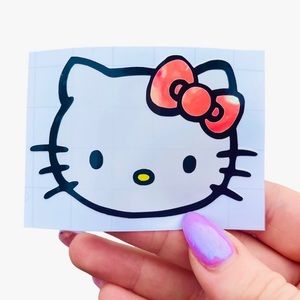 Hello Kitty Decal
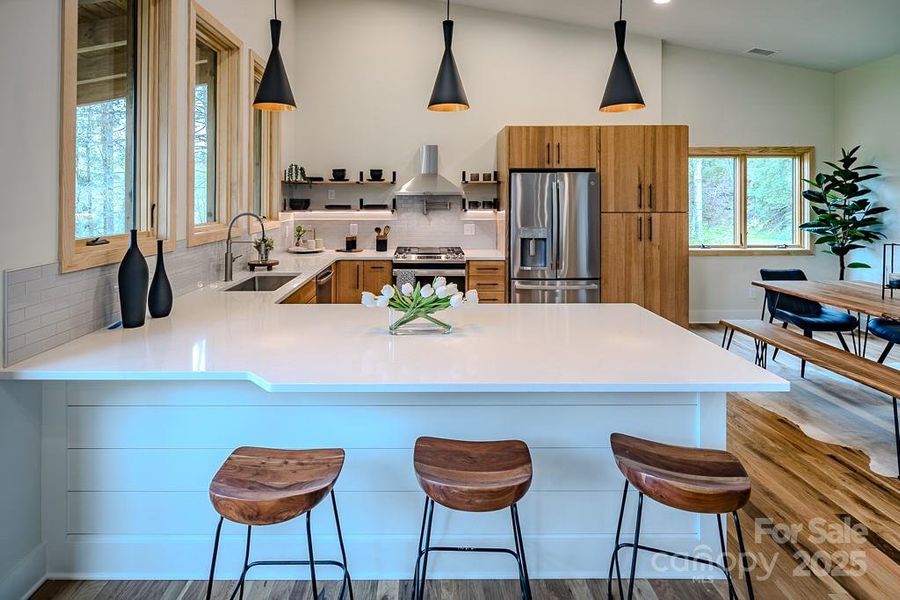 Furnished interior view inside a new home in , Fleetwood (Image 27).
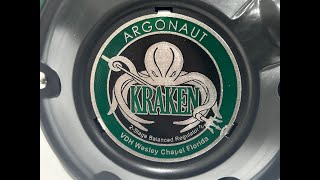 Argonaut Kraken Regulator Modern Clic Twin-Hose Regulator Vintage Scuba Gear Australia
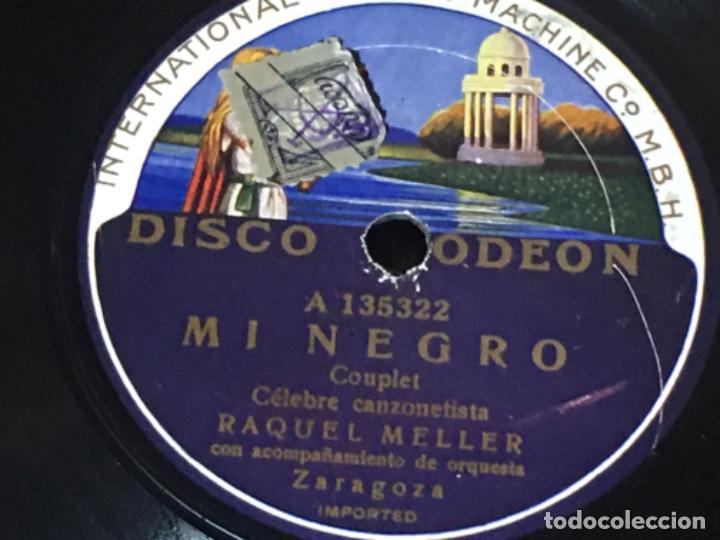Discos de pizarra: Original ANTIGUO DISCO DE GRAMOFONO - Foto 1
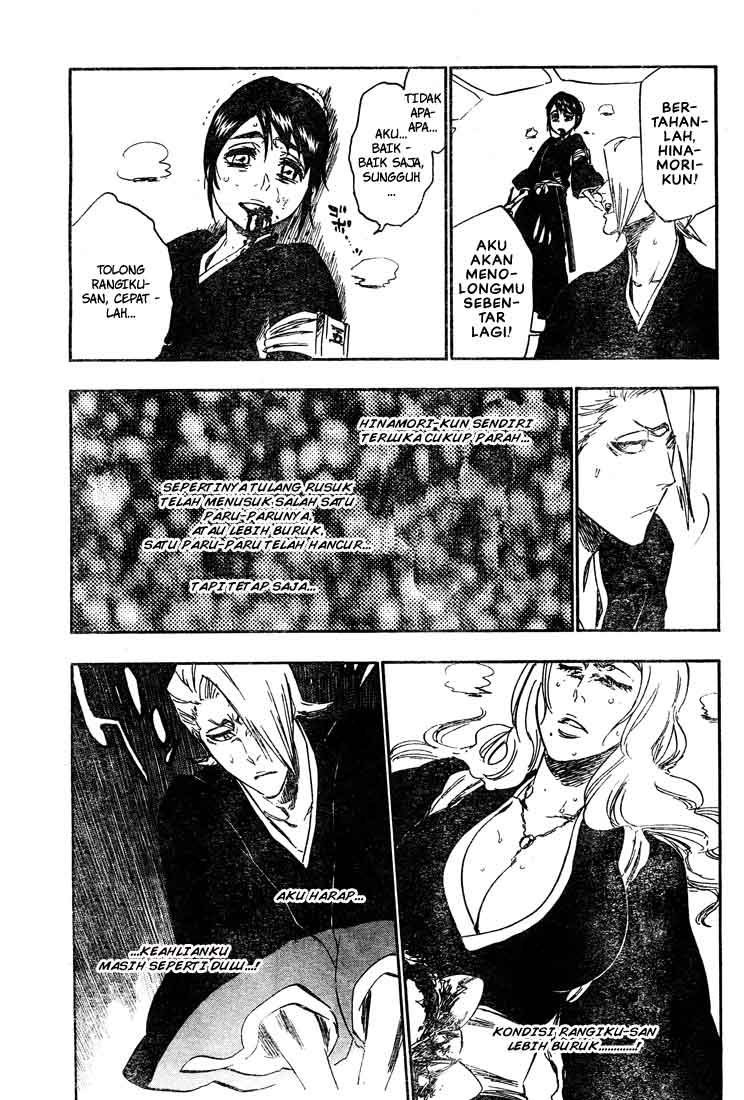 Bleach Chapter 337 Bahasa Indonesia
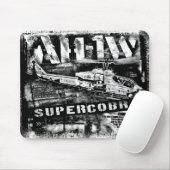 AH-1 SuperCobra Muismat Mousepad (Met muis)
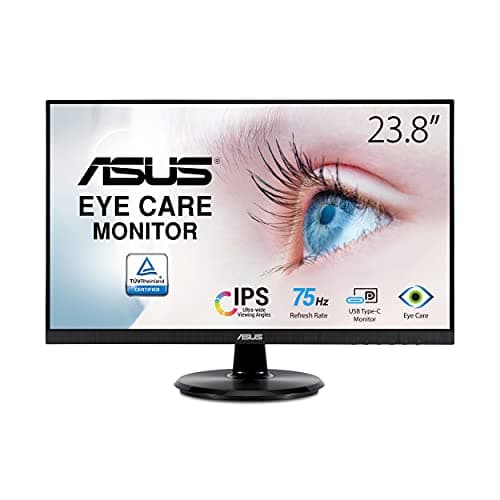 Asus VA24DCP 23.8" 1080p 75Hz IPS Monitor image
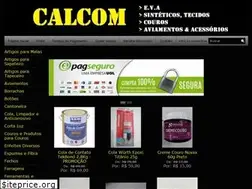 Sites similar to lojacalcom.com.br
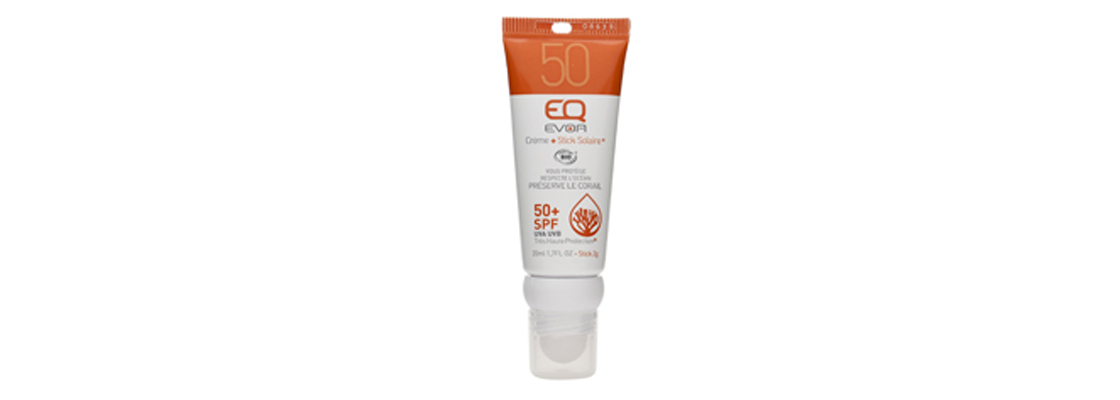 Combi Stick EQ très haute protection SPF50+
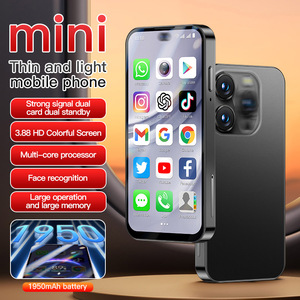 Téléphone portable 2025 XS19 Pro Mini 3,88 pouces Double SIM 3G+32 Go Anglais Français Prix Abordable Petite Taille USA 4G pour les pays francophones et hispanophones - Product Image 1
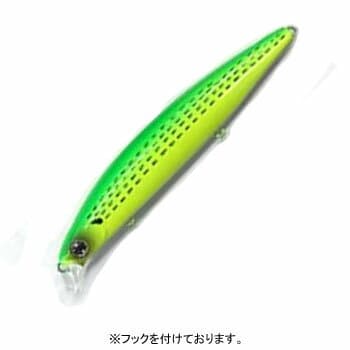 Daiwa Shoreline Shiner-Z Set Upper S 125mm Lime Chart Konoshiro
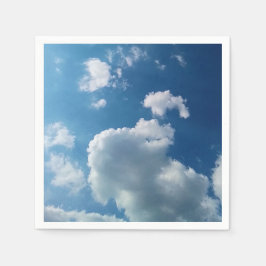 Guardanapo De Papel Nuvem grande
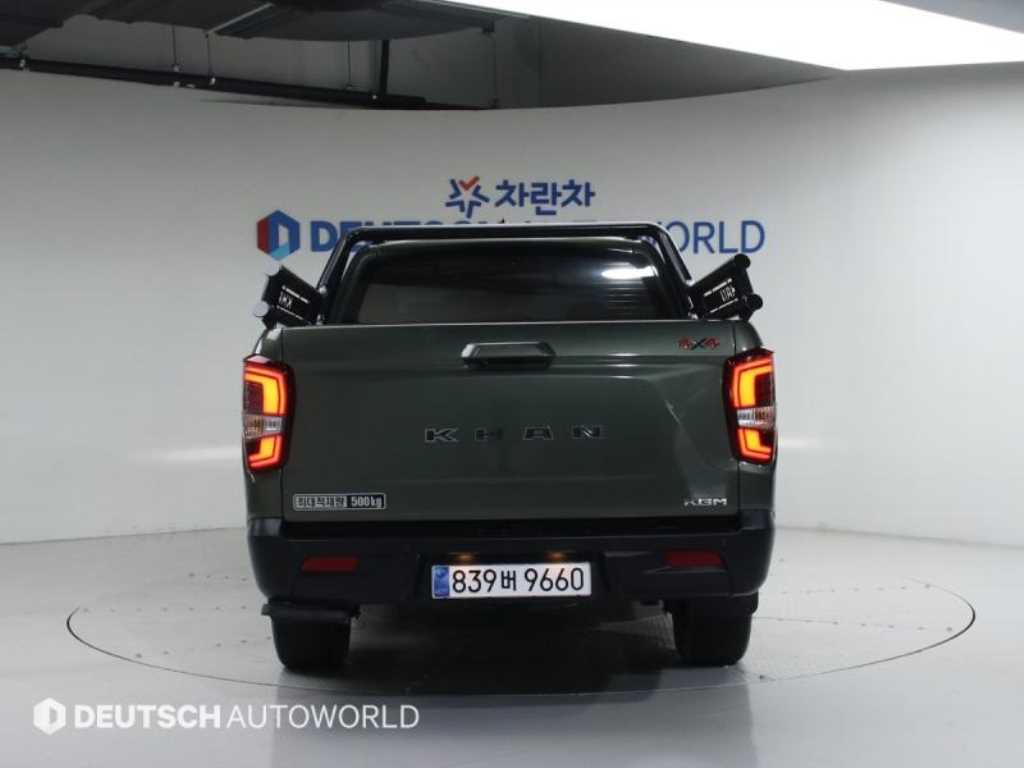 Ssangyong Rexton - Vista 4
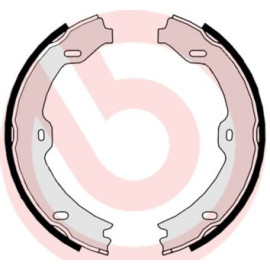 BREMBO s50519 Гальмівні колодки барабані BREMBO s50519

Your task | Your copy of the records must match them exactly, except that no pictures appear in it.

Response |
 Hello Kitty Decal
 Furnished interior view inside a new home in , Fleetwood (Image 27).
 Argonaut Kraken Regulator Modern Clic Twin-Hose Regulator Vintage Scuba Gear Australia
Discos de pizarra: Original ANTIGUO DISCO DE GRAMOFONO - Foto 1
 Bleach Chapter 337 Bahasa Indonesia
 AH-1 SuperCobra Muismat Mousepad (Met muis)
 Asus VA24DCP 23.8" 1080p 75Hz IPS Monitor image
 Sites similar to lojacalcom.com.br
 Combi Stick EQ très haute protection SPF50+
 Téléphone portable 2025 XS19 Pro Mini 3,88 pouces Double SIM 3G+32 Go Anglais Français Prix Abordable Petite Taille USA 4G pour les pays francophones et hispanophones - Product Image 1
 Daiwa Shoreline Shiner-Z Set Upper S 125mm Lime Chart Konoshiro
 Guardanapo De Papel Nuvem grande
 Ssangyong Rexton - Vista 4
 BREMBO s50519 Гальмівні колодки барабані BREMBO s50519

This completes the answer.